Water plan to beat monsoon blues

The Public Health Engineering Organisation has come up with a monsoon plan to ensure smooth supply of drinking water to those living in the city's low-lying areas that often gets flooded during rains.

Sandeep Mishra Published 21.07.16, 12:00 AM

Bhubaneswar, July 20: The Public Health Engineering Organisation has come up with a monsoon plan to ensure smooth supply of drinking water to those living in the city's low-lying areas that often gets flooded during rains.

According to the plan, control rooms will be set up at public health offices to act on complaints lodged by residents. One nodal officer will monitor the functioning of these control rooms.

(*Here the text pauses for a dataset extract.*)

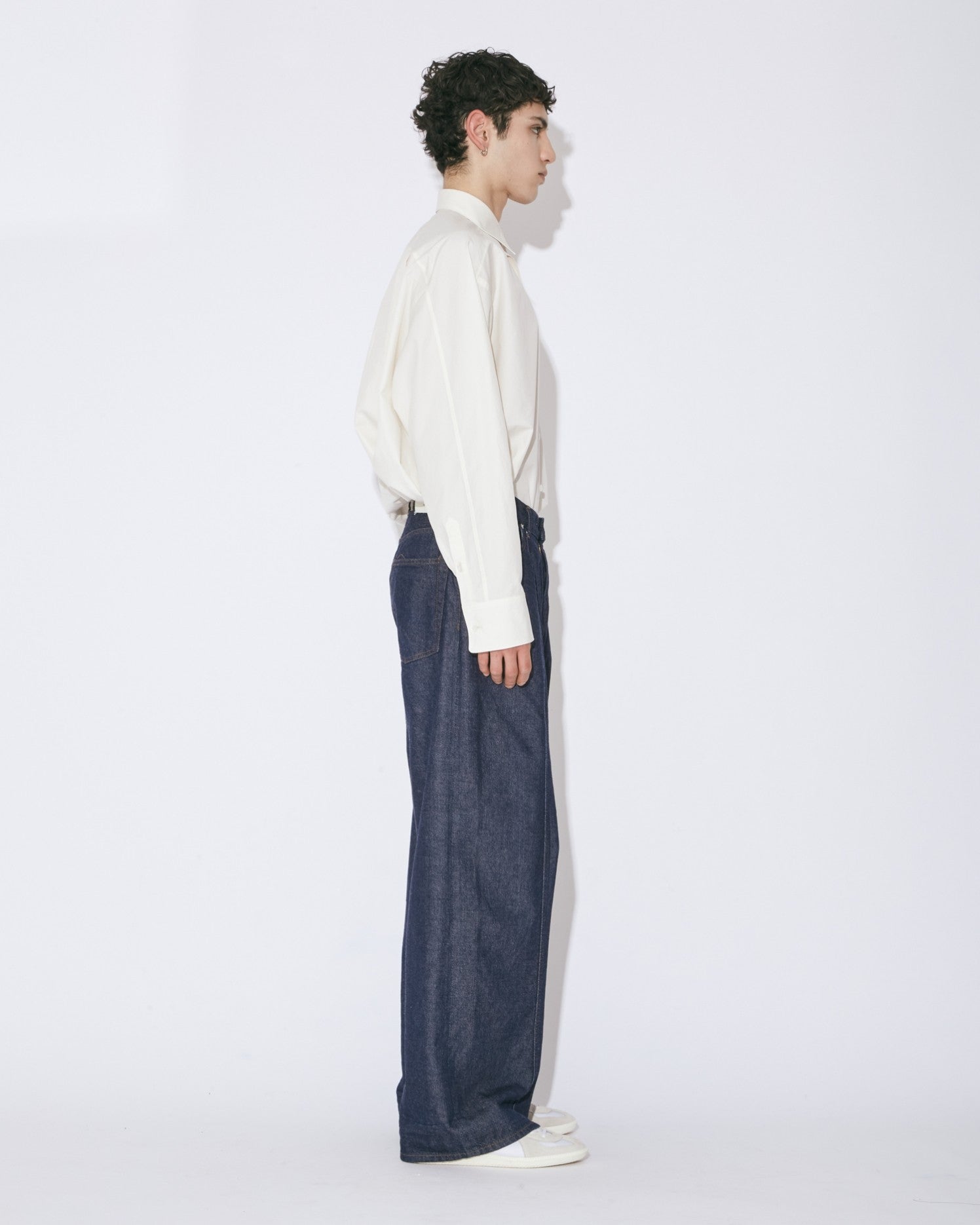 finx typewriter  big tuck over shirt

At present, the city has three such control rooms functioning at Vani Vihar, Saheed Nagar and one behind the secretariat. Public Health Engineering Organisation officials have also put a round the clock surveillance and monitoring system in place. There will be dedicated manpower at treatment plants to facilitate immediate restoration in case of breakdown.

Incessant rain during monsoon submerges the low-lying areas of Acharya Vihar, Nayapalli, Behera Sahi, Jayadev Vihar, Bhimatangi, Jagamohan Nagar, Bomikhal, Laxmi Sagar, Soubhagya Nagar, Palasuni, Nayapally and Old Town.

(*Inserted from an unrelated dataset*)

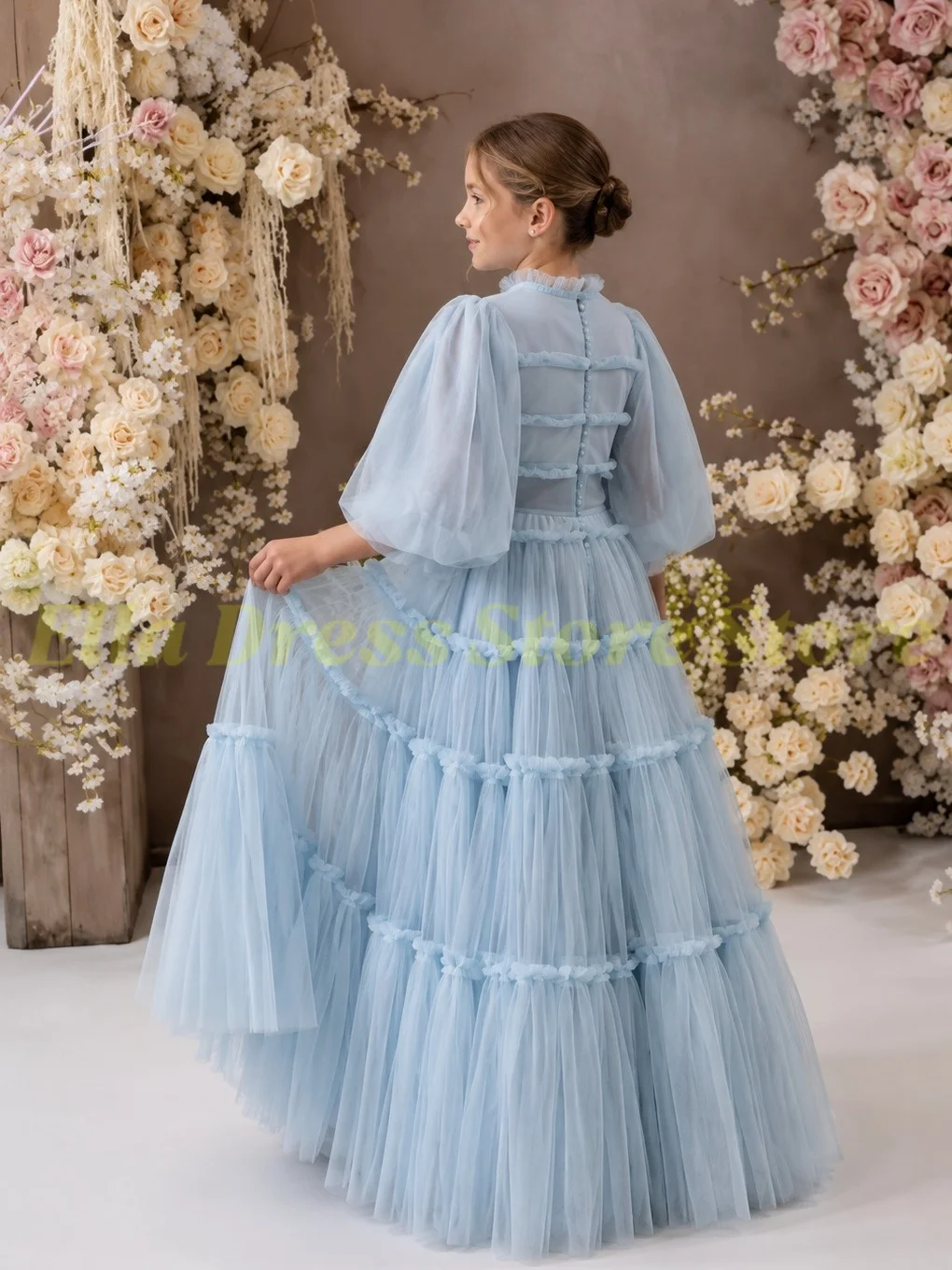 Großhandel Maßgeschneidertes Elegantes Blumenmädchenkleid aus Tüll mit Flausch für Hochzeitsballkleider, Rüschen, Blumenmuster, Kleinkind-Mädchenkleid, Kindergeburtstag – Detail 2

Nayapally resident Rabindra Parida said following a heavy rain several parts of his locality remain waterlogged for days. This leads power failure and even water supply to these places is affected.

"If there is no electricity, there is no water. Safe drinking water has become a necessity during monsoon in such situations. I hope that the plan of the administration works," said Parida.

Public Health Engineering Organisation superintending engineer Chittaranjan Jena told The Telegraph that a mobile squad had also been kept ready to handle any kind of exigencies.

"Our job is to ensure smooth water supply to the people for which this action plan has been prepared," said Jena. He added that low-lying areas have been identified and if any emergency arises, Public Health Engineering Organisation would take immediate measures.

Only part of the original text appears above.